Have you ever settled down to enjoy some hot chips, only for a gull to suddenly swoop down and snatch them? Recent research has revealed that gulls are even smarter than we think, as they know when and where to strike in order to increase their chances of a tasty snack.

A team of researchers from the University of Bristol’s Engineering and Life Sciences faculties fitted mini GPS-tracker backpacks to lesser black-blacked gulls to identify three frequently visited sites: a school, a waste centre and Clifton Down.

The researchers combined GPS data with observations at each site: the number gulls, the number of people and whether a human-created food source was present. The results showed that gulls flocked to the school coinciding with the morning and lunch breaks, when students were consuming food.
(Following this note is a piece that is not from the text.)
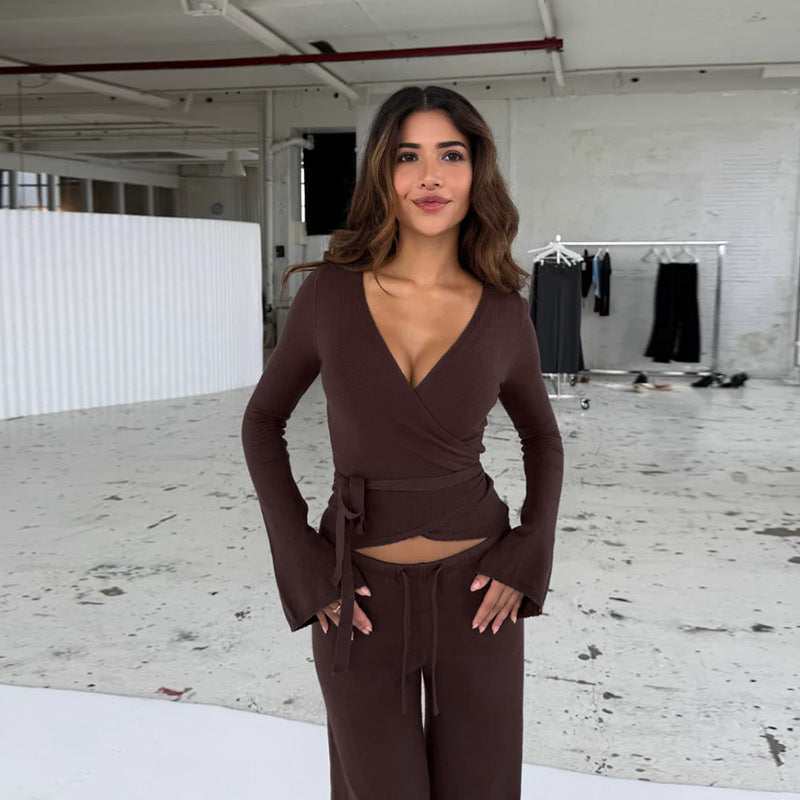 Dame løs jumpsuit med omslagdesign og lange ermer Skjora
Speaking to The Guardian, Dr Anouk Spelt, lead author of the paper said: ‘At the school there were not many gulls around until break time. Then you saw them sitting on the rooftops. The moment the bell went off, they all flew up and started looking for leftovers.’
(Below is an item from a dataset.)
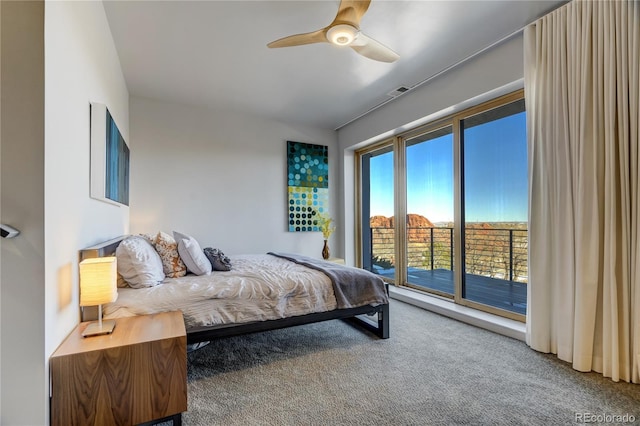 carpeted bedroom with ceiling fan and access to outside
The gulls also targeted the waste centre, mainly visiting between the opening and closing times on weekdays when fresh waste is unloaded.

However, at Clifton Down, the gulls did not correspond with the number of people present – they mainly visited early in the morning, which the researchers attributed to the abundance of earthworms.

Multiple gull species worldwide have moved inland, establishing urban-nesting populations and thriving in these relatively novel environments. Still commonly referred to as ‘seagulls’, the GPS-tracker backpacks revealed that the gulls in this study never visited the sea, despite its close proximity. The gulls spent the majority of their time in the city, leading the researchers to advocate the more apt name of ‘urban gulls’.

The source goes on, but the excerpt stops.